Albuquerque Police officer arrested for raping security officer
Albuquerque NM May 25 2022
An Albuquerque Police officer in the aviation division has been charged with rape and put on unpaid leave after an airport security guard reported that he forced her to perform a sex act on him while he was on duty and in uniform earlier this year.
Johnny Garcia, 38, was booked into jail and then released Thursday night.
Rebecca Atkins, an Albuquerque Police Department spokeswoman, said an internal investigation is ongoing.
“We are not able to comment on the details of the case, except to say the department took the victim’s allegations very seriously,” Atkins wrote in a statement. “Our sex crimes sergeant conducted the criminal investigation and worked with the District Attorney’s Office to determine charges.”
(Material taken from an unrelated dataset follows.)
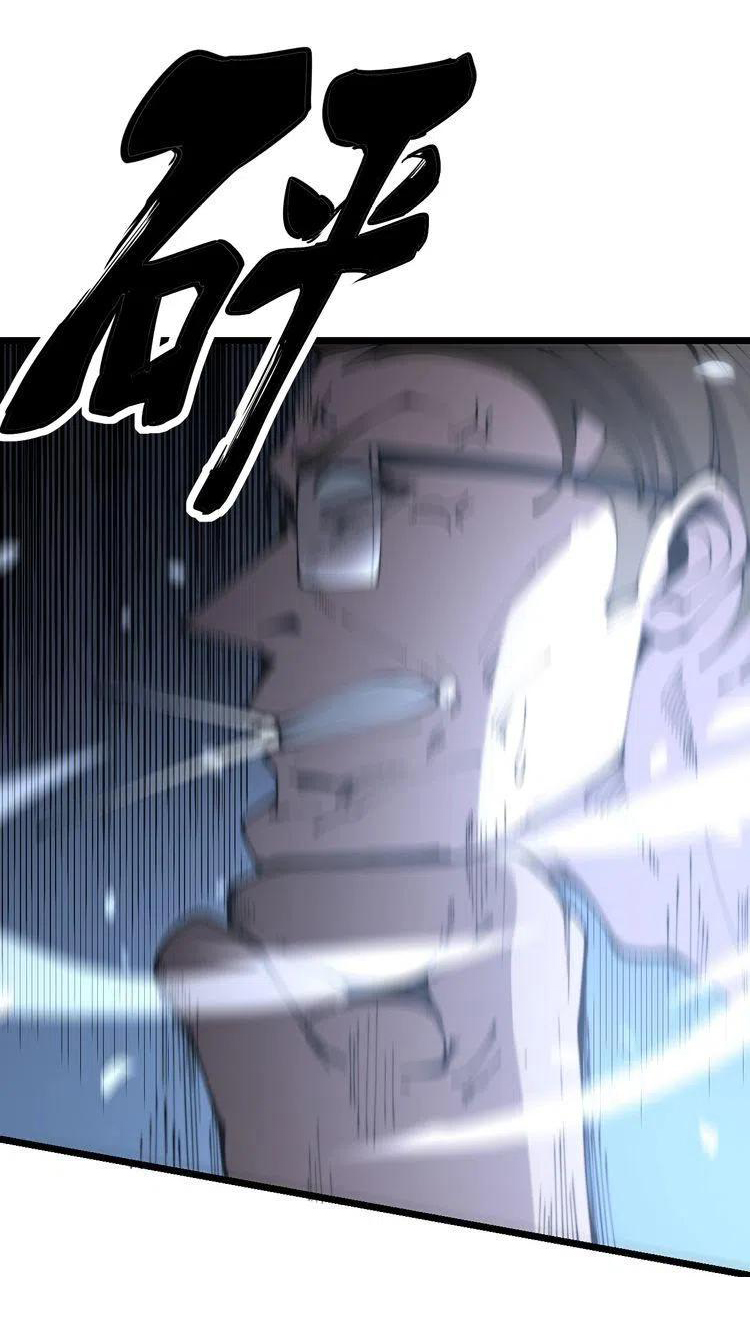 Bad Hand Witch Doctor สุดยอดพ่อมดหมอผี ตอนที่ 207 หน้า 9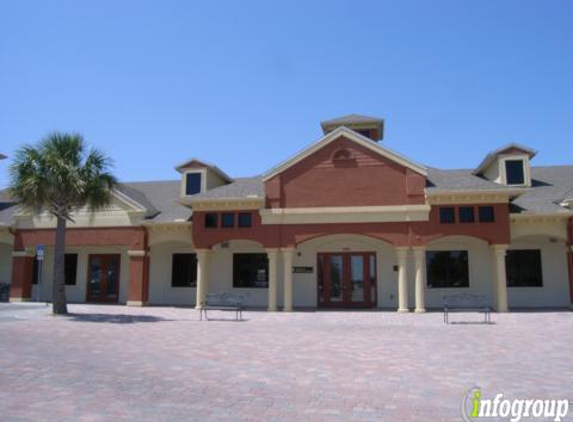 Center For Medical Imaging - Tavares, FL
Atkins said Garcia had been with the department since October 2016 when the aviation unit moved from the airport to being under APD. She said he was put on administrative leave when the investigation began in March.
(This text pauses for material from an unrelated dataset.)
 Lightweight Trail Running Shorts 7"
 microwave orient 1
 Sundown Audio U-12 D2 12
Garcia’s attorney declined to comment.
According to a criminal complaint filed in Metropolitan Court, the security guard told investigators she had met Garcia in December after he got her personal phone number from a supervisor and called to tell her he found the ID badge she had lost. She said he insisted on returning it to her apartment and she eventually agreed to meet him in the parking lot.
After that Garcia would talk with her at work, call her and imply he was interested in a relationship. She said in January she got in his personal car and he drove her off the airport grounds to a parking lot where they talked and kissed consensually during her break.
The woman told investigators that Garcia didn’t talk or text her for a number of weeks after that. Plus, she said she had concerns “because of the rumors of him with other women, and the fact he was twice her age” although he told her he was not married and didn’t have children.
Then in February, the woman said she had just left work around 2 p.m. when Garcia – still on duty – began to talk to her as she walked out near the baggage claim. According to the complaint, the woman said Garcia opened a closet door, using his security key, and called her into the room.
Once inside, Garcia began to “forcibly kiss” the woman, put his hand in her pants and although she tried to leave and said “no” he forced her to perform a sex act on him, according to the complaint. She said he intimidated her and she did not feel as though she could resist.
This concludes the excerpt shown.